Olaf Scholz refuse toujours une réforme du marché de l’électricité en Europe, bien qu’il ait concédé à l’achat commun de gaz européen au prix plafonné.

Le contexte de la création de connexions énergétiques avec l’Espagne a quelque peu exacerbé ce climat défavorable. Le projet de gazoduc traversant les Pyrénées visant à diversifier les approvisionnements de l’Allemagne avait en effet irrité le président français ces derniers mois. Emmanuel Macron a toutefois mentionné une autre solution lors du sommet : la prolongation d’un pipeline à hydrogène jusqu’à l’Allemagne. Cet objectif, placé en 2030, résulte d’un accord de la France avec l’Espagne et le Portugal.

Un sommet principalement symbolique

Emmanuel Macron, lors de son discours à la Sorbonne, a sans cesse rappelé la force de ce couple franco-allemand, ces « deux âmes dans une même poitrine », qui a joué un rôle majeur lors de la genèse de l’Union Européenne.
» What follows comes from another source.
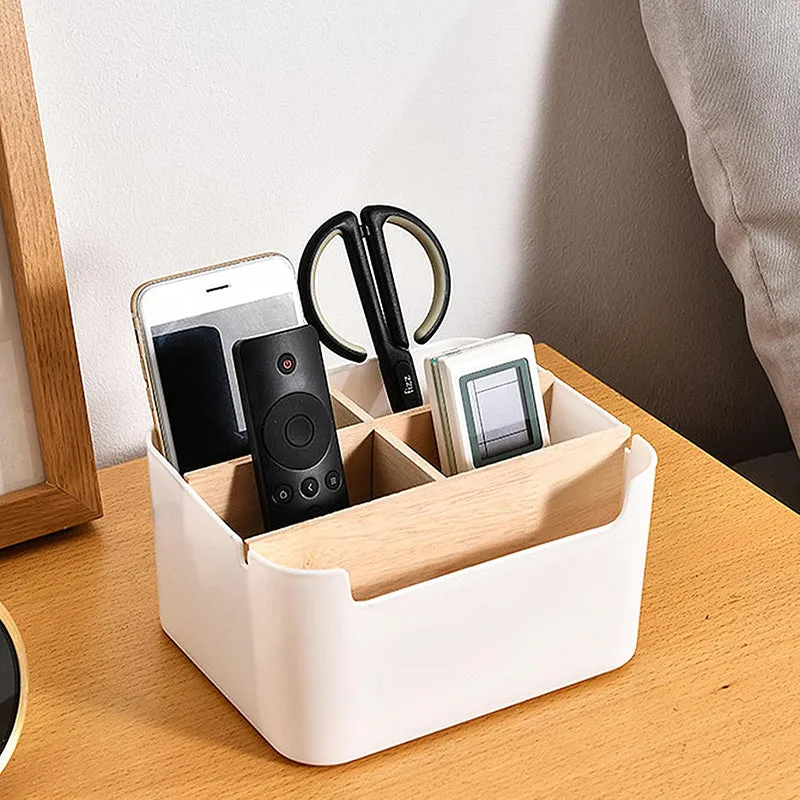 Clutter Cut Plastic Desk Organizer media 1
Cependant, cette bonne volonté affichée sera-t-elle suffisante pour convaincre le monde que la « locomotive » franco-allemande est de nouveau sur les rails ?

« Affrontons les périls du temps avec cet héritage de courage et d’imagination, avec ce devoir de fidélité à l’audace, avec l’assurance que tout est possible si l’on demeure uni », a ainsi conclu le Président, ajoutant une note d’espoir à un discours déjà très lyrique.

Au regard de la complexité européenne actuelle et de l’équilibre précaire au sein du couple franco-allemand, on ne peut qu’espérer des actes faisant suite à de telles paroles. Hélas, derrière les symboles forts de l’histoire, on ne peut que déplorer la vacuité d’un tel sommet à ce moment charnière de la crise ukrainienne.